**Exercise**
Copy, exactly and without additions, every line in the records below from the one holding "Meuble TV |" through the one holding "Women Travel Jewelry", both ends included.

Records drawn from a dataset
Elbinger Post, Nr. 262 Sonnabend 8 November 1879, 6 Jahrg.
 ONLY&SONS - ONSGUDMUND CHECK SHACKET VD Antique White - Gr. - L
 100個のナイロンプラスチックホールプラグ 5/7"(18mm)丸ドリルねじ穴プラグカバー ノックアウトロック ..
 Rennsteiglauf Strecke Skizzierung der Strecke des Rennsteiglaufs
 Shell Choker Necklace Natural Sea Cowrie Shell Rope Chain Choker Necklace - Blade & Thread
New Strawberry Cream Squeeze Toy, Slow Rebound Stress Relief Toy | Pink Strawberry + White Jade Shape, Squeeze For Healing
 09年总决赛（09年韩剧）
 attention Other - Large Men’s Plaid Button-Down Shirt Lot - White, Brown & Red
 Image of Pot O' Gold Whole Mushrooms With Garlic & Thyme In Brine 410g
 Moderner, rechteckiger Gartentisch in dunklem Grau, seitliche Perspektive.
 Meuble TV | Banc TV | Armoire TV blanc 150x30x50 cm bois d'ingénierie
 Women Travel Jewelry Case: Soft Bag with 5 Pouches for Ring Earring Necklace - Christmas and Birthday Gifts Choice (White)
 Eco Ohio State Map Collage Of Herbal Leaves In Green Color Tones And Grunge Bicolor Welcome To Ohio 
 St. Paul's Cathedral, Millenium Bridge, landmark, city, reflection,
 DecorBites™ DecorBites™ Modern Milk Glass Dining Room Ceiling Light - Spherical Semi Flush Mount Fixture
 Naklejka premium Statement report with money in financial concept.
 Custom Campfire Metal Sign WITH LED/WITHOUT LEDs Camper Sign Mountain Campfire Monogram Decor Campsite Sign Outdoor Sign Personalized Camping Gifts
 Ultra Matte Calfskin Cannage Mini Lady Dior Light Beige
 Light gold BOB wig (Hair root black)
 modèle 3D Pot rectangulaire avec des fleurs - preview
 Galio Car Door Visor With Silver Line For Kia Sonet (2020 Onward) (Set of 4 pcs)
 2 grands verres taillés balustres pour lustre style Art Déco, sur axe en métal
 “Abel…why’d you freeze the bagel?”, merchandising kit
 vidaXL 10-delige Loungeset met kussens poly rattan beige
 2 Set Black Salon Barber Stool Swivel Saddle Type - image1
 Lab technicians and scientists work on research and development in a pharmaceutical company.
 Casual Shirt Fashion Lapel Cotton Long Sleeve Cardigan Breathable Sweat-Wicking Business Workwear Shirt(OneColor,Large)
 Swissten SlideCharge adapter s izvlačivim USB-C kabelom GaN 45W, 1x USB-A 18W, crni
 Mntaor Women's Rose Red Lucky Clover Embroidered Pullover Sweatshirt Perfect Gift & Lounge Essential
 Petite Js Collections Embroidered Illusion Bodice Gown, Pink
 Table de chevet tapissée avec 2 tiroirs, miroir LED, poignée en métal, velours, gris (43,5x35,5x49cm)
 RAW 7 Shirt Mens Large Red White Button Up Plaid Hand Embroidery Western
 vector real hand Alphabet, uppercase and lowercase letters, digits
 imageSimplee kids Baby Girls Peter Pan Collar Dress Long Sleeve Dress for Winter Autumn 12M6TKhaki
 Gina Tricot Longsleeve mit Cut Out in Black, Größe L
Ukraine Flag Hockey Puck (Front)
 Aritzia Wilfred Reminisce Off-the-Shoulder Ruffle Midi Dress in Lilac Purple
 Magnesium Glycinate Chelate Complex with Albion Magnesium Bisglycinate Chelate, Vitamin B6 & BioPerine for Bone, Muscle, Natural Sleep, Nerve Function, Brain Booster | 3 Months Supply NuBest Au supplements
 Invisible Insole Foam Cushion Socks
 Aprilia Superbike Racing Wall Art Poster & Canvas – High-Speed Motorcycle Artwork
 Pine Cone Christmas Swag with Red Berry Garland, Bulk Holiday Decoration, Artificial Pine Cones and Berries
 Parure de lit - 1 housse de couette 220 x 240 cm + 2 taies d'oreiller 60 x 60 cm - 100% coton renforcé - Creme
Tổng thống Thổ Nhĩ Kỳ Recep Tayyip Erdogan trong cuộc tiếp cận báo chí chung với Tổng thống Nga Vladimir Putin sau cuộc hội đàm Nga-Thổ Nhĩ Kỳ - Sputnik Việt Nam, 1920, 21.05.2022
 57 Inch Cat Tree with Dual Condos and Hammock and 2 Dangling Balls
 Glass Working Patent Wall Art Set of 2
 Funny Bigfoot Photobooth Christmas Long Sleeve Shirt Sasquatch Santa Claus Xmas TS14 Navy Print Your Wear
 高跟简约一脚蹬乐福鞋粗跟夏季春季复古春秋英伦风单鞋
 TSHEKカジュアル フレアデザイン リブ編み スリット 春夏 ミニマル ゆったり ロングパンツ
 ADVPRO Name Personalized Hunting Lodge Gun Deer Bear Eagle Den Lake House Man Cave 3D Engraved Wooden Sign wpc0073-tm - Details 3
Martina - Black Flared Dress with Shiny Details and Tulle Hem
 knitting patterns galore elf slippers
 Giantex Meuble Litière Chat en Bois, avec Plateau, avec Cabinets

**Solution to the problem**
 Meuble TV | Banc TV | Armoire TV blanc 150x30x50 cm bois d'ingénierie
 Women Travel Jewelry Case: Soft Bag with 5 Pouches for Ring Earring Necklace - Christmas and Birthday Gifts Choice (White)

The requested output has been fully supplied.